Der „allgemeine gesetzliche Mindestlohn“ ist nicht so allgemein wie es die Wortwahl aussagt. So haben, zum Beispiel, Praktikanten darauf keinen Anspruch, wenn das Praktikum maximal drei Monate lang dauert und der Praktikant damit herausfinden möchte ob die Tätigkeit was für ihn ist.

Normalerweise macht man ein Praktikum am Stück. Da kann man die Zeitgrenze leicht unter Kontrollte halten. Nun kann aber auch ein Praktikant krank werden. Auch können er und das Unternehmen vereinbaren, dass er Urlaub nimmt. Sogar eine Unterbrechung für ein anderes Praktikum ist möglich. Dadurch kann sich die Gesamtzeit auf mehr als die drei Monate verlängern. Wenn dem so ist, liegt dann noch die Ausnahme vom Mindestlohn vor?

Das Urteil:

Mit dieser Frage durfte sich das Bundesarbeitsgericht befassen. Es hat sie in seinem Urteil vom 30.01.2019 – 5 AZR 556/17 ein Stück weit geklärt. Demnach kann eine Unterbrechung eines Praktikums tatsächlich zu einem Lohnanspruch in Höhe des gesetzlichen Mindestlohns führen!

Da kommen dann schnell ein paar Tausend Euro zusammen. Der Anspruch entsteht nur dann nicht, wenn die Unterbrechung auf Gründen beruht, die in der Person des Praktikanten liegen. Außerdem muss zwischen den dann einzelnen Teilen des Praktikums ein sachlicher und zeitlicher Zusammenhang bestehen. Schließlich darf die Gesamtzeit des tatsächlich geleisteten Praktikums, wenn man die einzelnen Abschnitte also addiert, die Grenze von drei Monaten nicht übersteigen.

Stellungnahme:

Der letzte Punkt ist wenig überraschend und klar. Weniger klar ist was „sachlicher und zeitlicher Zusammenhang ist“. Sachlich ist der Zusammenhang sicherlich noch da, wenn sich am Praktikum nichts ändert, wenn man also einen Plan für die Beschäftigung einfach weiter verfolgt.
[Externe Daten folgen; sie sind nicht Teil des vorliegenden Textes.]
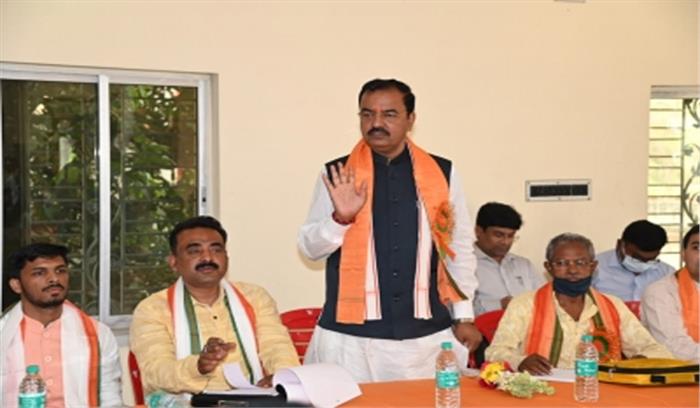 ममता के खिलाफ बंगाल में केशव का हल्ला बोल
Auch Anpassungen dürften aber in einem gewissen Rahmen möglich sein. So z.B. Wiederholungen, wenn der Praktikant bereits Erlerntes wieder vergessen hat. Wo hier die Grenze liegt muss aber noch herausgearbeitet werden. Das gilt auch für die zeitliche Grenze. Im hier entschiedenen Fall waren es immer nur wenige Tage. Bei wie vielen Tagen sich das ändert kann noch nicht gesagt werden.

Aus Arbeitgebersicht ist hier daher Vorsicht angesagt. Wenn es längeren Unterbrechungen kommt sollten Sie das Praktikum besser beenden. Auch ist anzuraten, dass Sie alles gut dokumentieren. Lassen Sie sich in einem solchen Fall vom Praktikanten bestätigen, dass der Grund für die Pause bei ihm liegt. Vereinbaren Sie vorher schriftlich warum der Praktikant bei Ihnen arbeiten will und was er während des Praktikums machen soll. Auch sollten Sie Tagebuch führen was man denn tatsächlich gemacht hat.